Throughout this time, in an effort to be able to help Marty with something…anything…I started researching migraine treatments and preventatives. I found a natural treatment, feverfew, that works for all of us and, as a result, have been able to wean Marty from the beta blockers. I also found out that chronic migraine sufferers have a much higher risk for anxiety disorders. At the time, that information didn’t set off any warning bells but I filed the knowledge away for future use.

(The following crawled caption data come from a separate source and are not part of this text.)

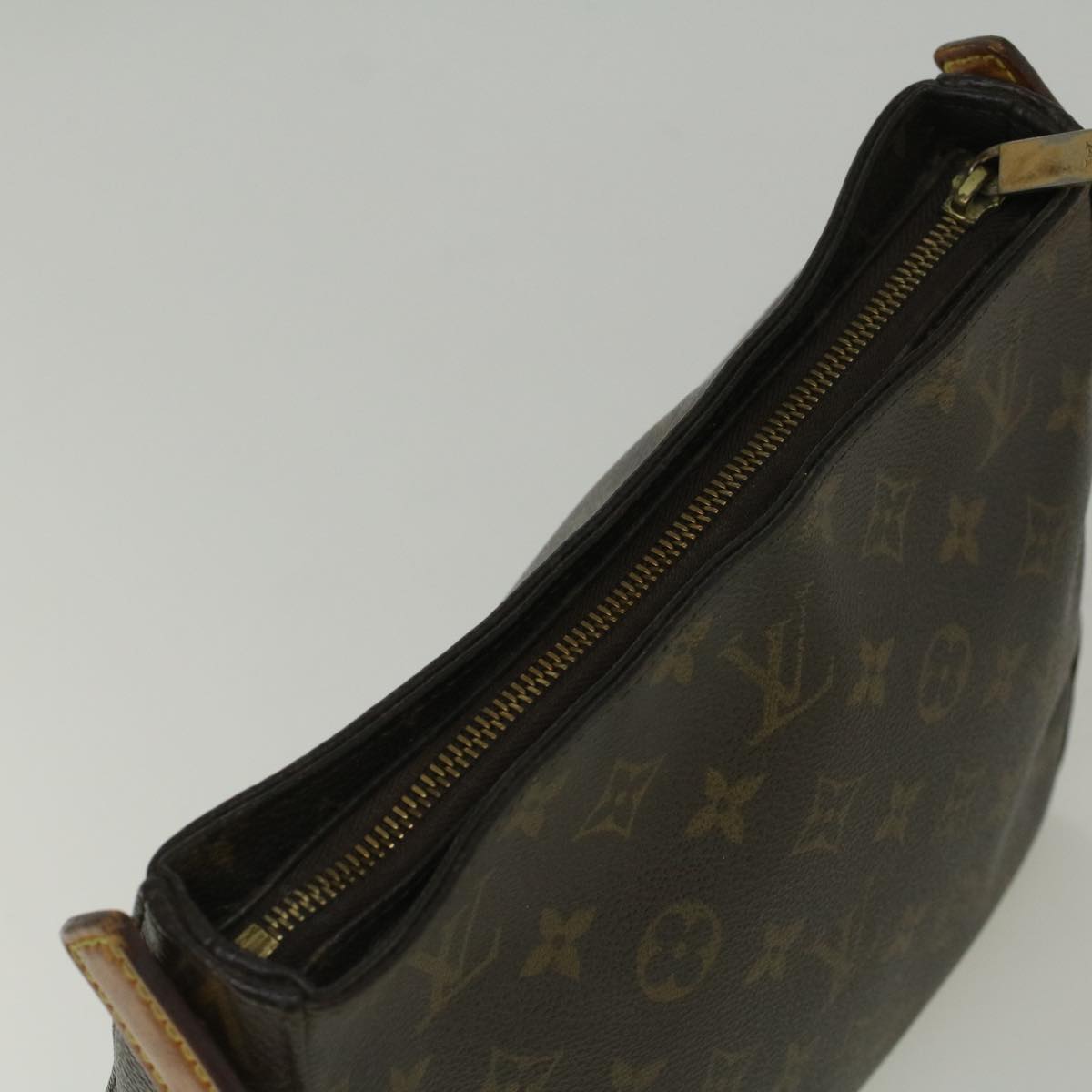 LOUIS VUITTON Monogram Looping MM Shoulder Bag M51146 LV Auth 59149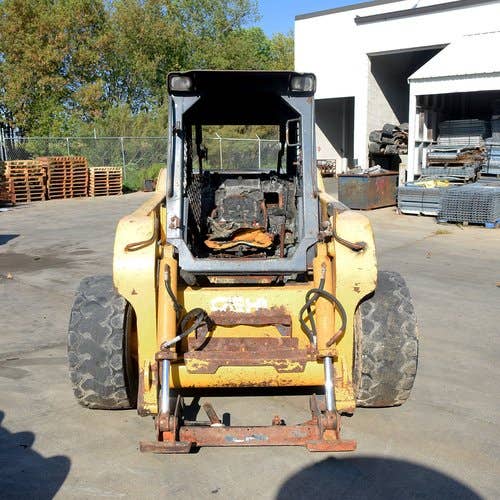 Used Gehl 7810e Skid Steer Loader parts.
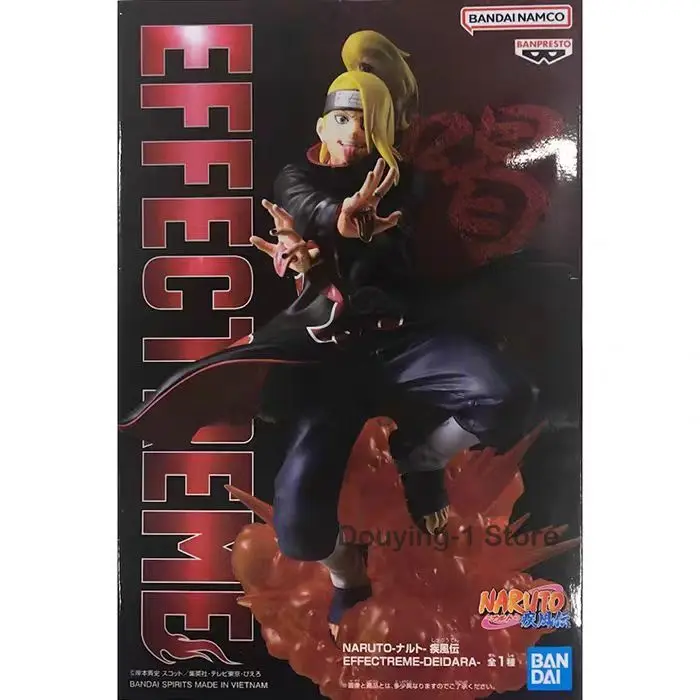 В наличии Bandai NARUto EFFECTREME DEIDARA экшн-фигурка аниме Коллекционная модель из ПВХ
В наличии Bandai NARUto EFFECTREME DEIDARA экшн-фигурка аниме Коллекционная модель из ПВХ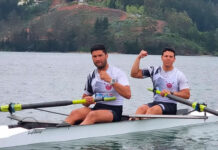 Aragüeños conquistan oro en remo en los Centroamericanos y del Caribe Santo Domingo 2026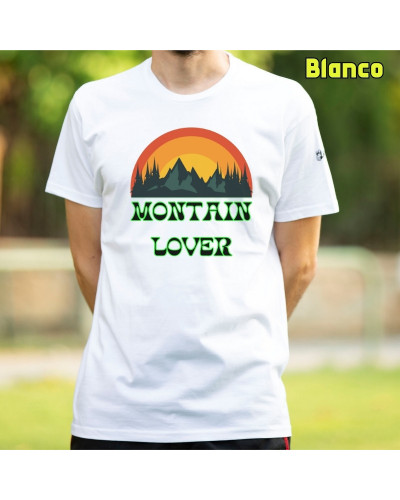 Camiseta Hombre Manga Corta - MOUNTAIN LOVER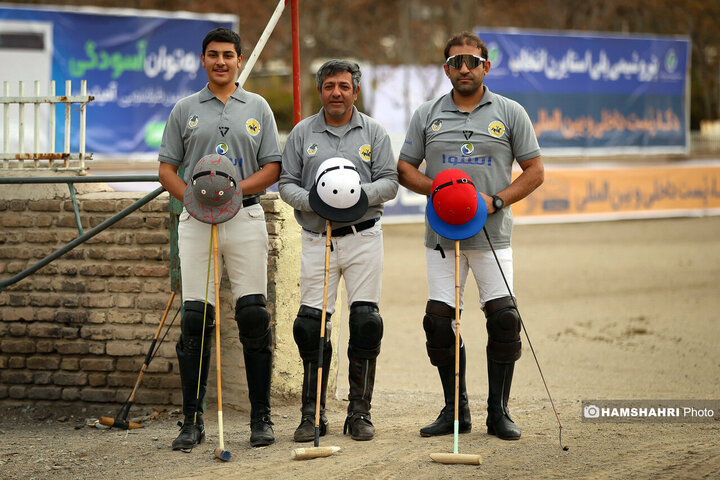 فینال لیگ ملی چوگان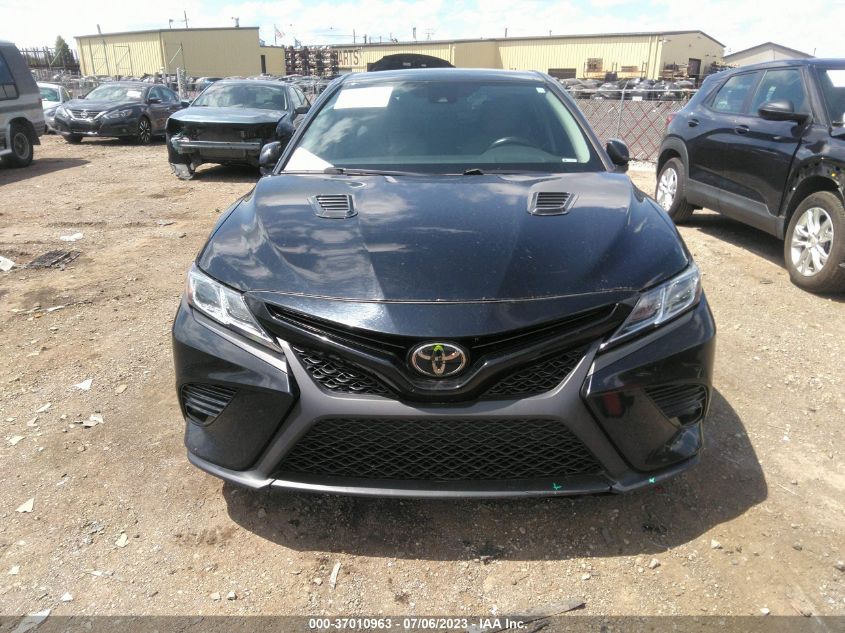 2019 TOYOTA CAMRY LE/SE/XLE/L - 4T1B11HK3KU705528
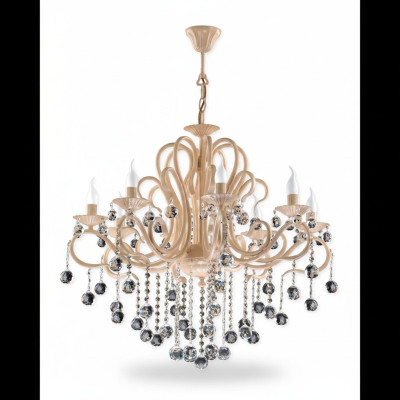 Antik Stil Leuchte Lampe Runde Lampen Deckenleuchte Kronleuchter 88x100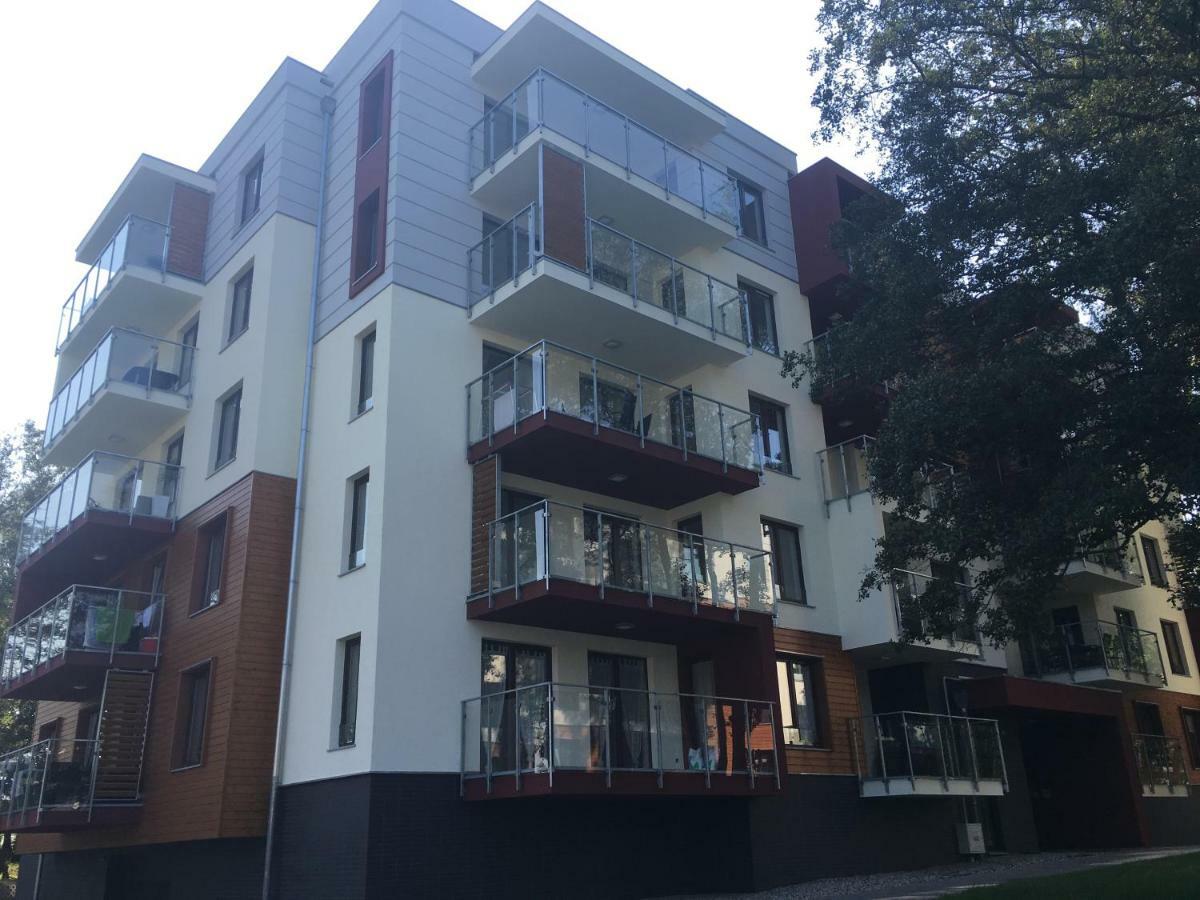 Apartament Sedina Osiedle Polanki 코워브제크 외부 사진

Although Marty felt good because his migraines had been eliminated, his germaphobia seemed to be holding it’s own…maybe even growing in severity. About 2 months ago, after a particularly trying day dealing with his germaphobia, I started to wonder if the germaphobia could also be more prevalent among migraine sufferers. Dr. Google lead me to a fascinating interview that Howie Mandel had given back in 2009. Mr. Mandel talked about his germaphobia and his obsessive compulsive disorder affected him. As I read the interview, it was a definite light bulb moment. I could see Marty and his issues throughout the article and, when I showed the article to Marty, his first response was “That describes me perfectly.” I was relieved that he saw what I saw…Marty has OCD. Discovering this and finally having a name for what Marty is dealing with has made a world of difference. He no longer feels like he is the only one dealing with a germaphobia. Finally, because he has a name to what he is dealing with, he feels safe and able to share what he has been experiencing with his friends. As his comfort level had grown, he has been able to relax some of his smaller germaphobic restrictions and he has developed routines. Over all, life has gotten a lot more relaxed and it feels like things are going to be ok.
This seems like a good stopping point. There is some more to tell and I promise it will be soon. Once again, huge, unending thanks to everyone who has read this far.